Sam, if you check up properly, you can see that DELL uses very high quality components in their PC's and the PSU is actually uprated than what is specified... In DELL's customer support page, there are people who use GTS450 flawlessly in their 350 watt PSUs... *And if the problem is the PSU, it should crash when I tax the GPU heavily, right...? But I tried Media Coder CUDA edition, and still nothing happened of that sort...*

And sure, I'm gonna reinstall the OS on Saturday (that's when I'm a bit free of college work...) and I'll report on it...


----------



## asingh (Mar 10, 2011)

Its either not enough PSU power or a bad card. Your choice. Try the parts on another build, or get different parts to try on your. Sorry, but that is what you will have to do. Systematically find the culprit via trial and error.


----------



## rajsujayks (Mar 13, 2011)

asingh said:


> Its either not enough PSU power or a bad card. Your choice. Try the parts on another build, or get different parts to try on your. Sorry, but that is what you will have to do. Systematically find the culprit via trial and error.

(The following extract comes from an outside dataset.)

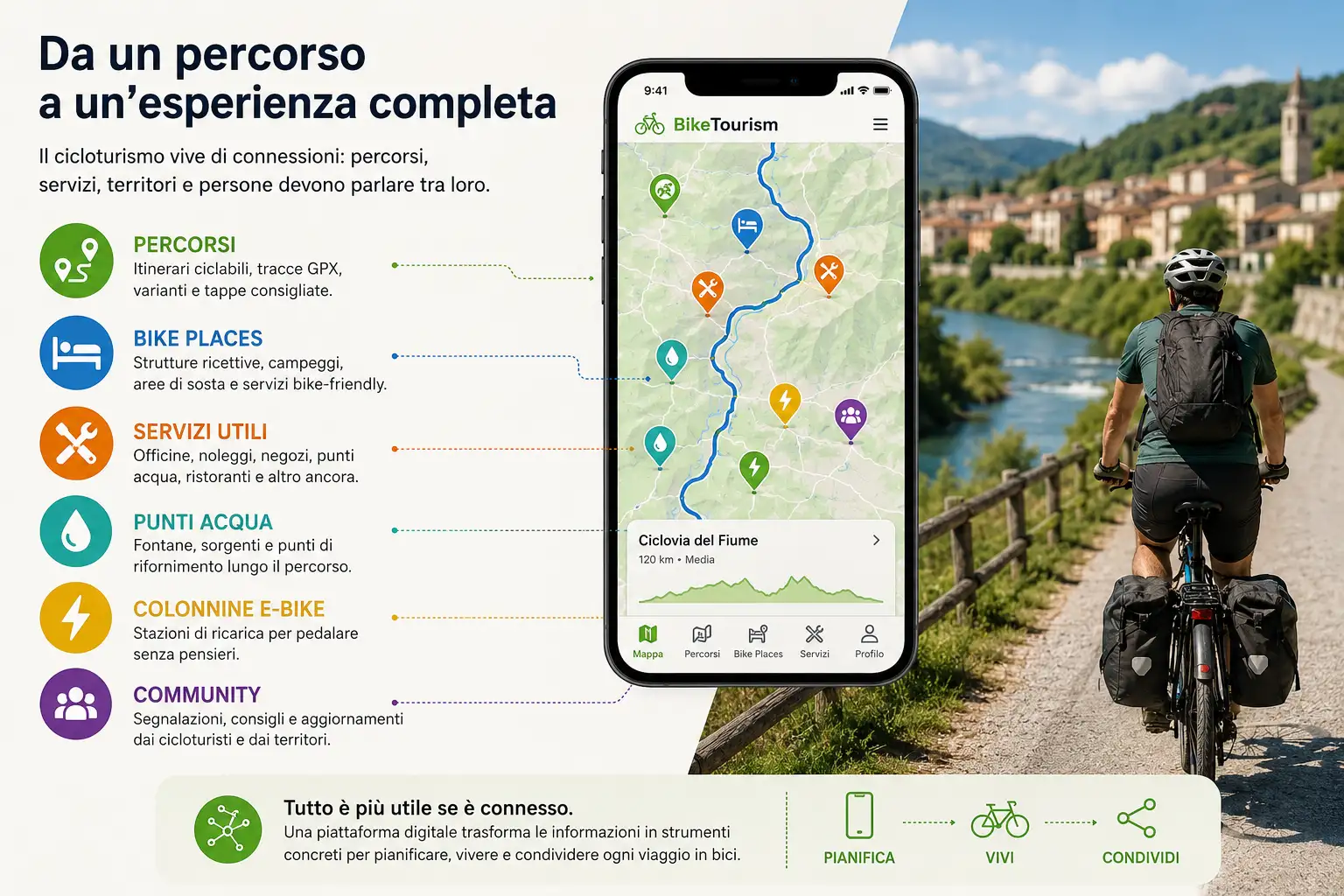 cicloturismo digitale biketourism cicloturismo digitale biketourism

For all your suggestions...An OS reinstall solved the problem... !


----------



## Piyush (Mar 13, 2011)

congrats bro
but it would be wiser to buy a new PSU
u wont know when will it goes OFF
and generic PSUs are good for small purpose systems
u dont want ur GFX to go kaput coz of PSU

Corsair cx 400 2.7k
FSP sagaII 500W 2.2k
Gigabyte 460W superb 2.4k
Corsair vx 450W 3.6k

go for anyone above
after all its ur choice
happy gaming


----------



## rajsujayks (Mar 13, 2011)

Piyush said:


> congrats bro
> but it would be wiser to buy a new PSU
> u wont know when will it goes OFF
> and generic PSUs are good for small purpose systems
> ...



Yeah! Thank You... I'll have to start saving my pocket money...


----------